• Activity
Return all of the data exactly, omitting any images.

• Exercise data
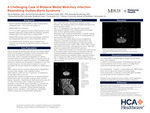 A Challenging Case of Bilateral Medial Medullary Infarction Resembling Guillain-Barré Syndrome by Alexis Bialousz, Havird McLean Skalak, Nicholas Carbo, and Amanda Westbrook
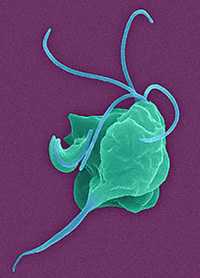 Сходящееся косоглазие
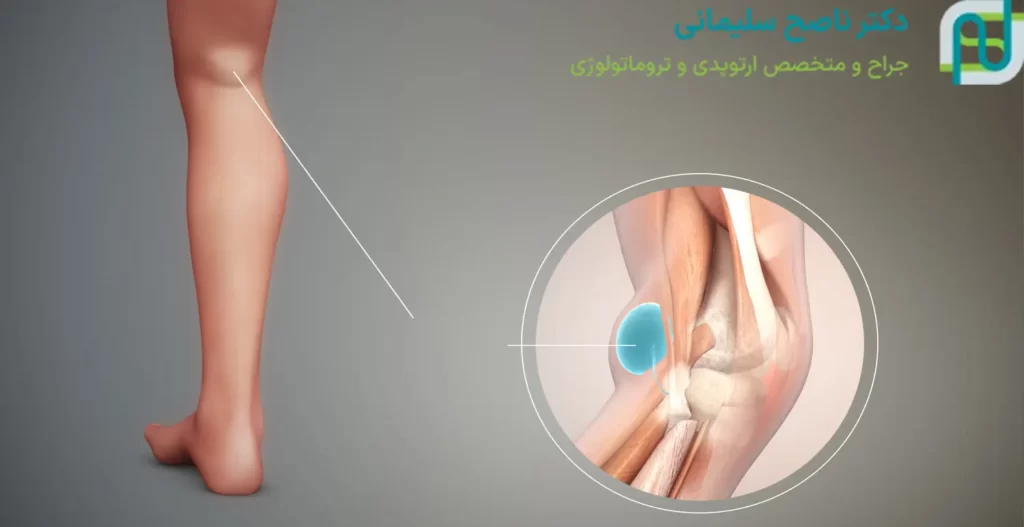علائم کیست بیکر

• Exercise answer
 A Challenging Case of Bilateral Medial Medullary Infarction Resembling Guillain-Barré Syndrome by Alexis Bialousz, Havird McLean Skalak, Nicholas Carbo, and Amanda Westbrook
 Сходящееся косоглазие
علائم کیست بیکر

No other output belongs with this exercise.